Identify the key system components or capabilities that require isolation through physical or logical means. Information should not be allowed to flow between partitioned applications unless explicitly permitted by security policy. Isolate mission critical functionality from non-mission critical functionality by means of an isolation boundary (implemented via partitions) that controls access to and protects the integrity of, the hardware, software, and firmware that provides that functionality. Enforce approved authorizations for controlling the flow of information within the spacecraft and between interconnected systems based on the defined security policy that information does not leave the spacecraft boundary unless it is encrypted. Implement boundary protections to separate bus, communications, and payload components supporting their respective functions.
If available, use an authentication mechanism that allows GNSS receivers to verify the authenticity of the GNSS information and of the entity transmitting it, to ensure that it comes from a trusted source. Have fault-tolerant authoritative time sourcing for the spacecraft's clock.
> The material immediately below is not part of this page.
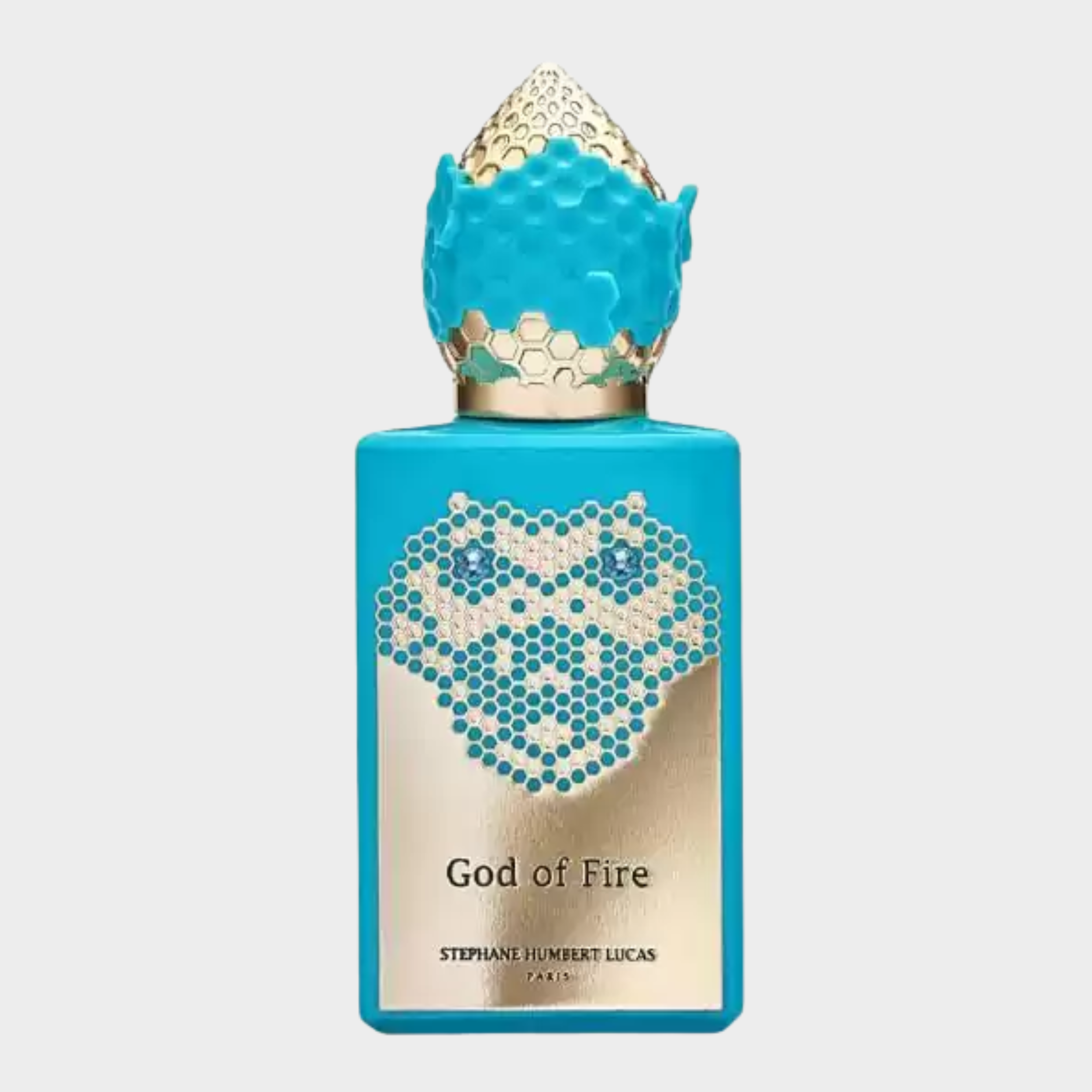 STEPHANE HUMBERT LUCAS GOD OF FIRE Imagen principal del producto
The spacecraft should synchronize the internal system clocks for each processor to the authoritative time source when the time difference is greater than the FSW-defined interval. If Spacewire is utilized, then the spacecraft should adhere to mission-defined time synchronization standard/protocol to synchronize time across a Spacewire network with an accuracy around 1 microsecond.
Utilize TRANSEC in order to prevent interception, disruption of reception, communications deception, and/or derivation of intelligence by analysis of transmission characteristics such as signal parameters or message externals. For example, jam-resistant waveforms can be utilized to improve the resistance of radio frequency signals to jamming and spoofing. Note: TRANSEC is that field of COMSEC which deals with the security of communication transmissions, rather than that of the information being communicated.